At length the Spaniards drew off northward to the German Ocean, the only line of escape open to them. Round the north of Scotland and Ireland they went, damaged by shot and beset by a gale, so that in the end, out of the magnificent fleet of 130 sail which had set out for the conquest of England, only 53 got back, with only about 9000 out of the original 30,000 men.
* * * * *
NELSON.
Two hundred years after Drake came Nelson. He was the son of a clergyman in Norfolk, a poor, sickly little fellow, and was for a time in the merchant service.
His first step to greatness was when the ship which he was in captured an enemy's ship, and the first lieutenant was ordered to take a boat and some men and go aboard the prize.

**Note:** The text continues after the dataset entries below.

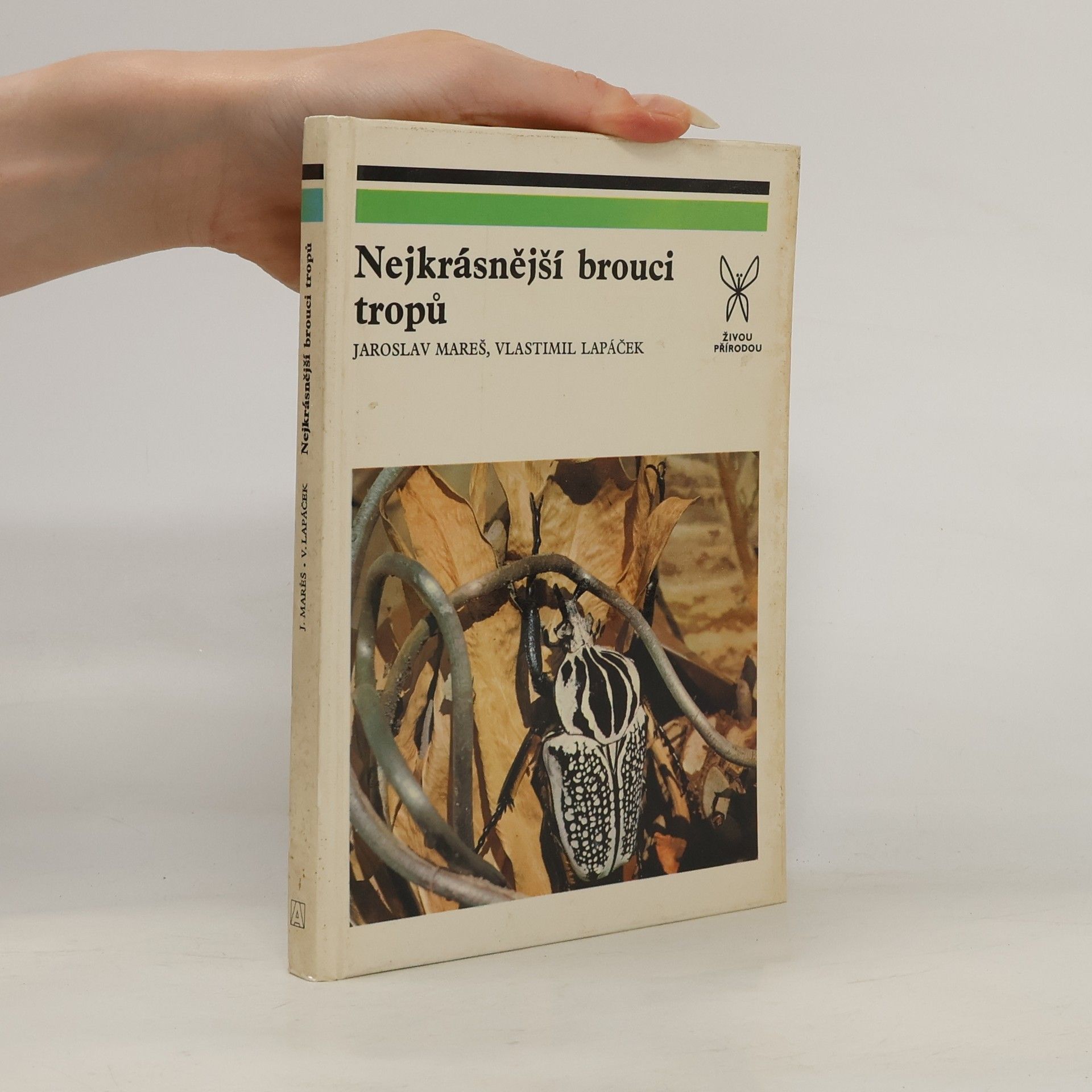 Jaroslav Mareš Nejkrásnější brouci tropů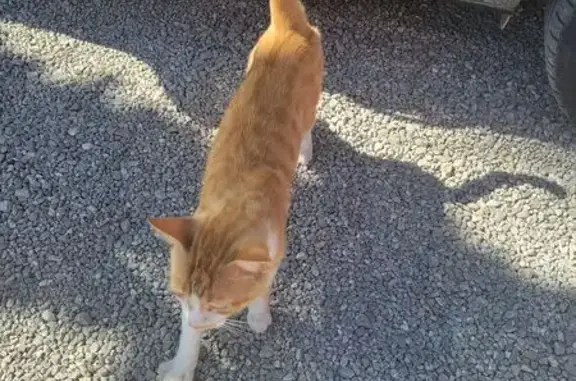 Gato Manso Hallado: San José,...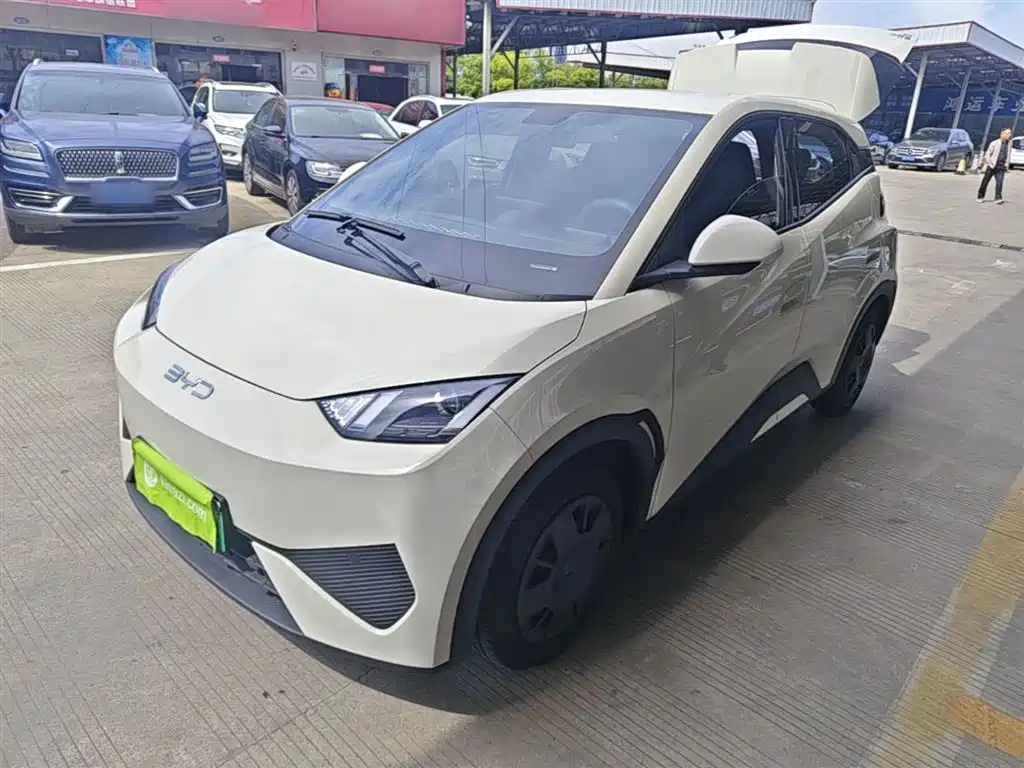 Byd Seagull 2025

But owing to the heavy sea which was running the officer gave up the attempt as too dangerous, whereupon Nelson, like a good Scout, stepped forward and offered to go.
He succeeded, and thence was marked as a good officer.
Every boy knows how, after a splendid career of fighting for Britain, he finally won the great sea battle of Trafalgar against the French and Spanish fleets, and fell mortally wounded in the hour of victory.
But his work, and that of other great sea-captains who served with him, completed the supremacy of the British Navy begun by Drake and the sea-dogs of his time.
The navies of our enemies were entirely swept from off the seas, and their merchant ships could only carry on their trade so long as their countries remained at peace with Britain.
And that supremacy has remained with us till to-day.